1528719283_195172_1528748473_noticia_normal_recorte1Artículo publicado junto a Abel Estebán en EL PAIS.

Una metáfora que solemos usar para ilustrar lo que está sucediendo en torno a la defensa de los comedores escolares en nuestra geografía es la de Gulliver llegando como una amenaza a Lilliput, esa sociedad donde todo es doce veces más pequeño. Ante el riesgo que supone la irrupción de un gigante, las gentes de Lilliput se ven obligadas a cooperar activamente para contener la amenaza. Algo similar suponen las prácticas alternativas impulsadas por los movimientos agroecológicos y la economía social y solidaria (ESS) en decenas de colegios y escuelas infantiles, intensos procesos de cooperación que resisten al despliegue de un modelo de alimentación escolar perverso.

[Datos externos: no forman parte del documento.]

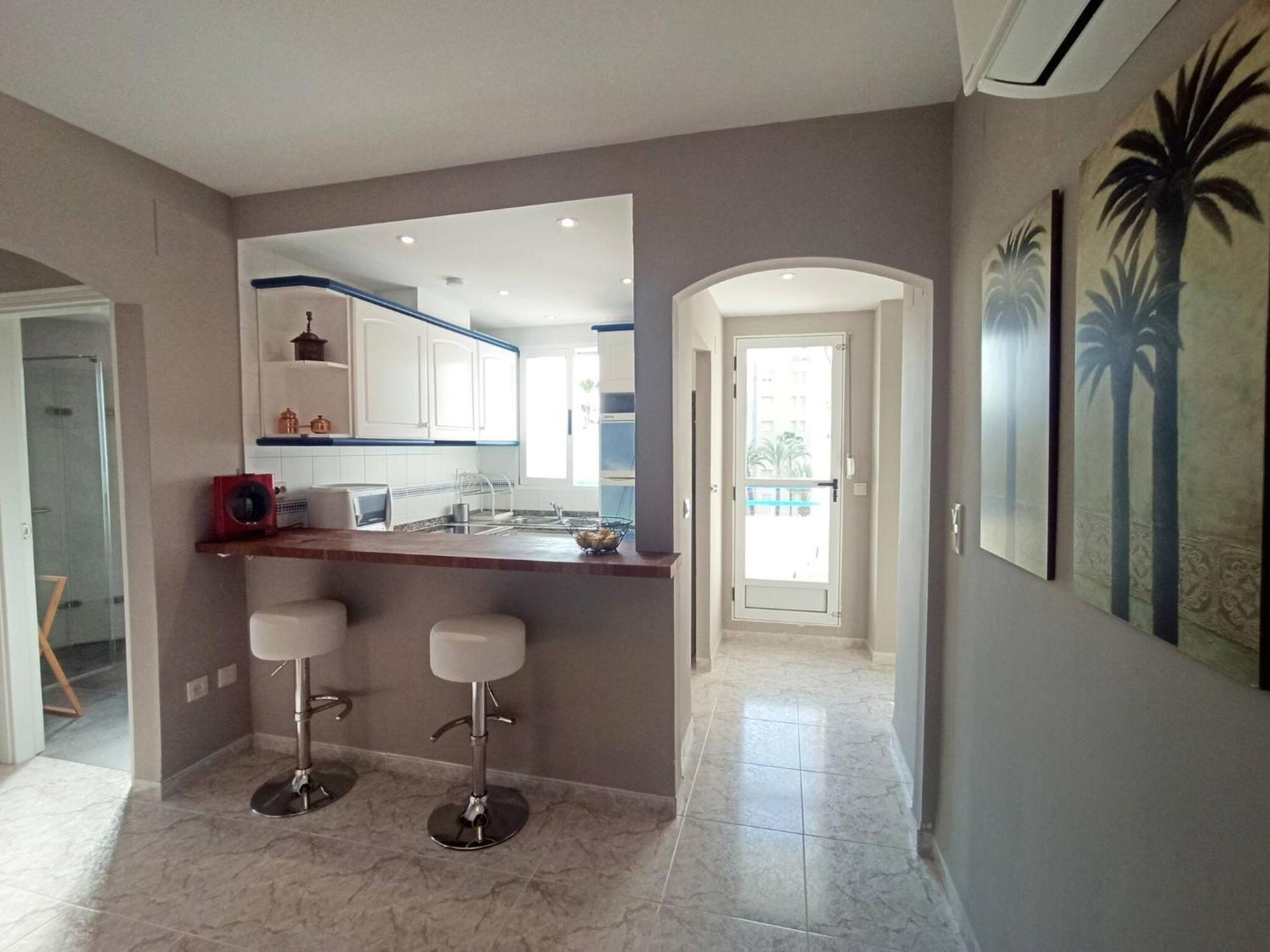 Apartamento Dianium By Concept Dénia Exterior foto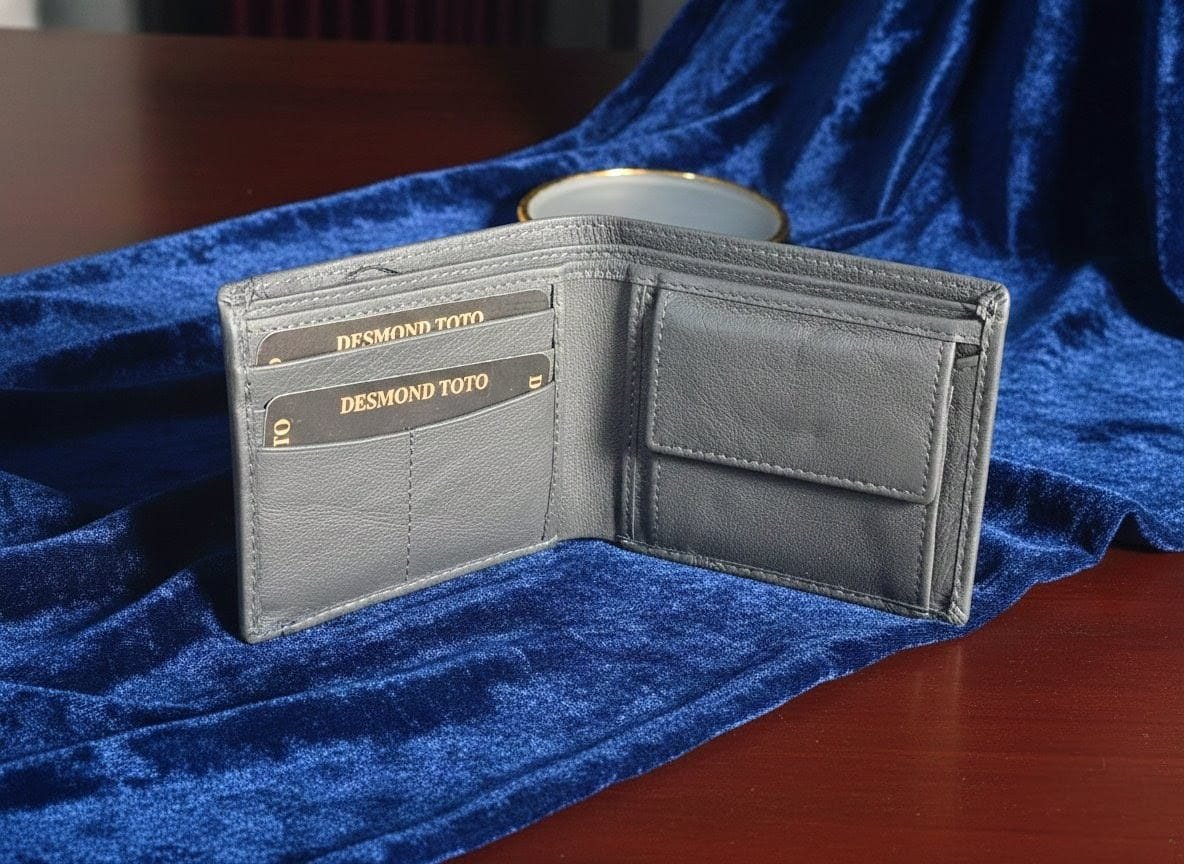 Sophisticated Interior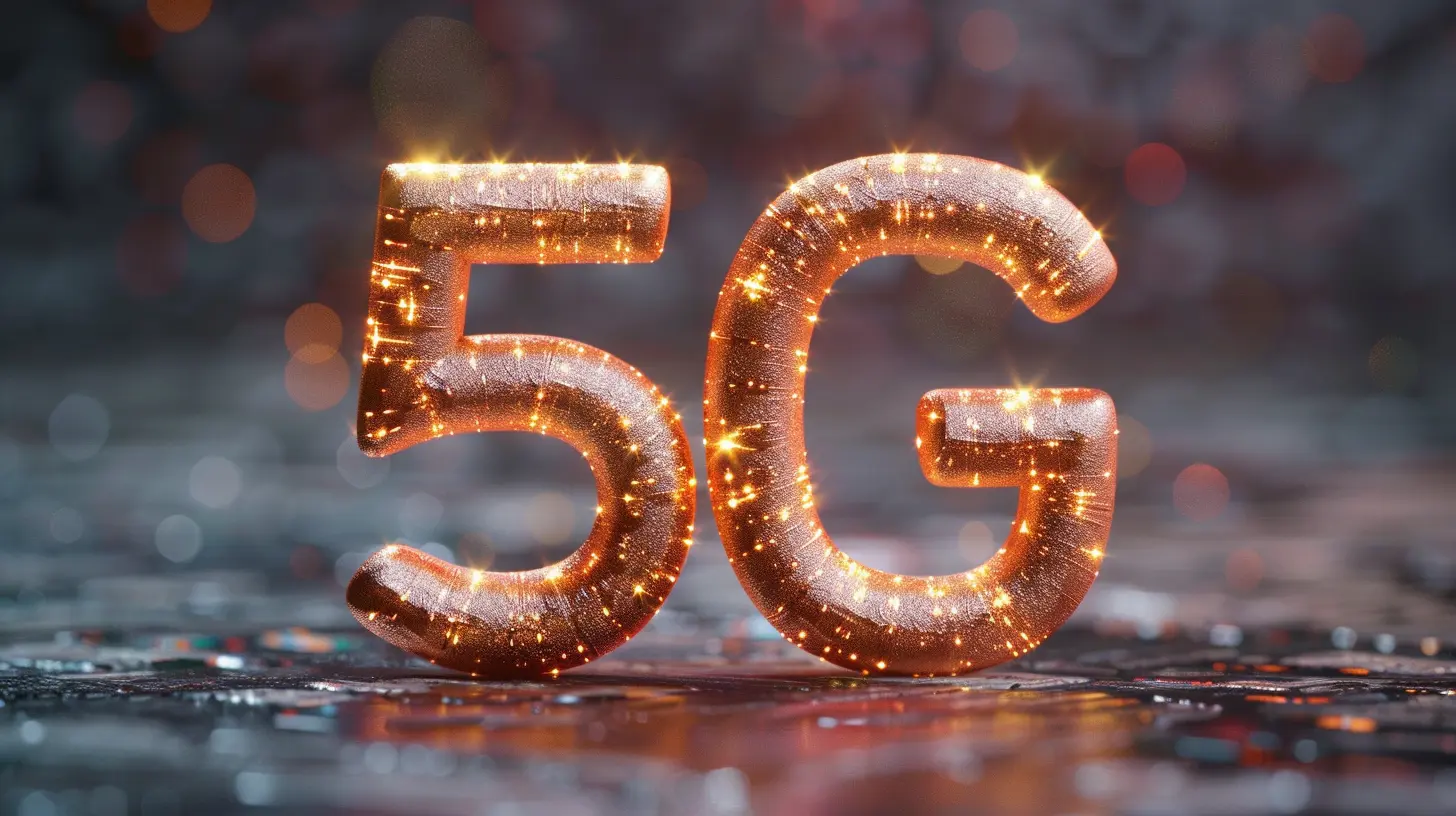 The Future of 5G: What It Means for Connectivity and Innovation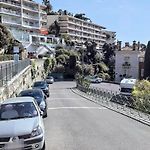 Nice Port Apartment Ac Parking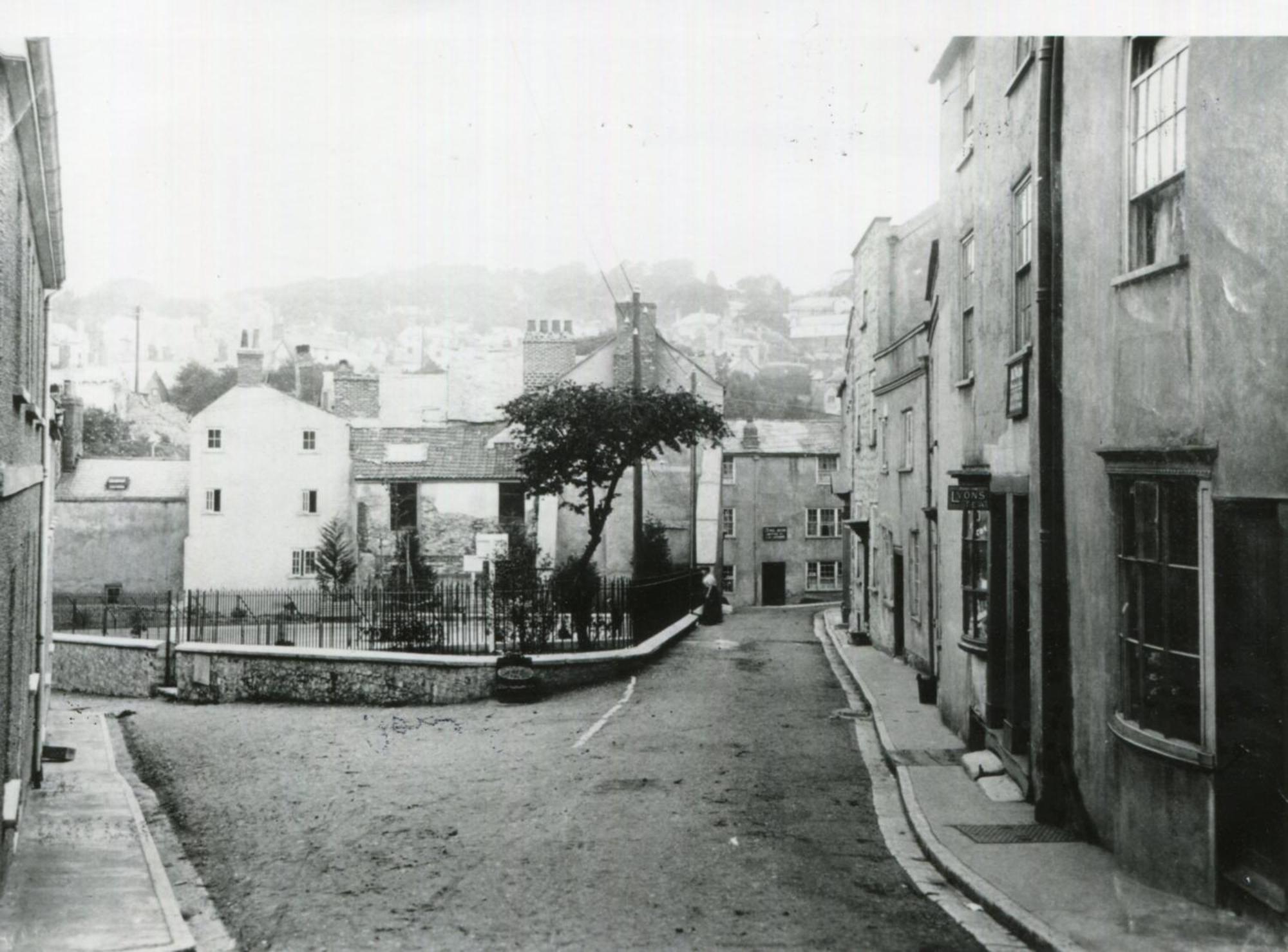Monmouth House Apartments, Lyme Regis Old Town, Dog Friendly, Parking エクステリア 写真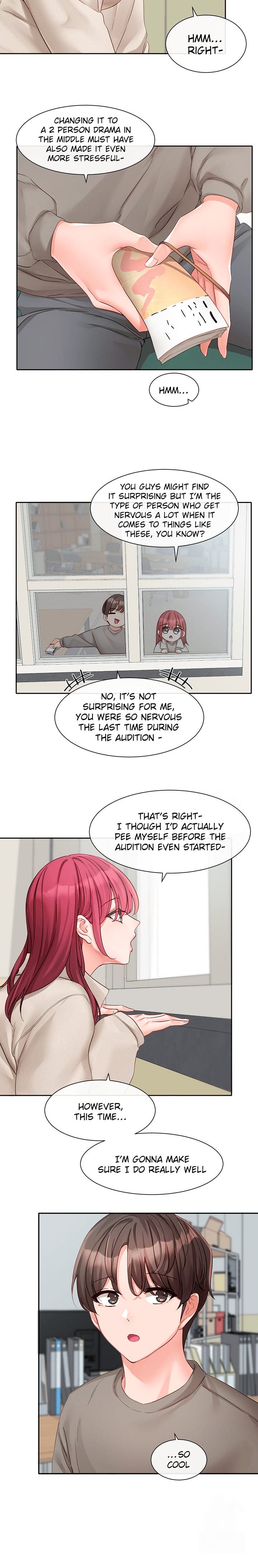 Circles [QRQ , 슈리넬] Chapter 152 – page 10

Las potencialidades de estos comedores, como espacios pedagógicos y transmisores de buenos hábitos alimentarios, se han ido erosionando según se profundizaba su percepción como un tremendo negocio que supera los dos mil millones de euros solo en España. Una dinámica que se da en el conjunto de Europa y que se podría sintetizar en la creciente externalización de su gestión; las dinámicas de concentración empresarial, pues las diez empresas más grandes acaparan cerca del 50% del mercado; o la tendencia a favorecer lo que se conoce como caterings de línea fría, donde colegios construidos sin cocinas (¡o con estas clausuradas!) recalientan menús procedentes de cocinas centrales que pueden estar a cientos de kilómetros.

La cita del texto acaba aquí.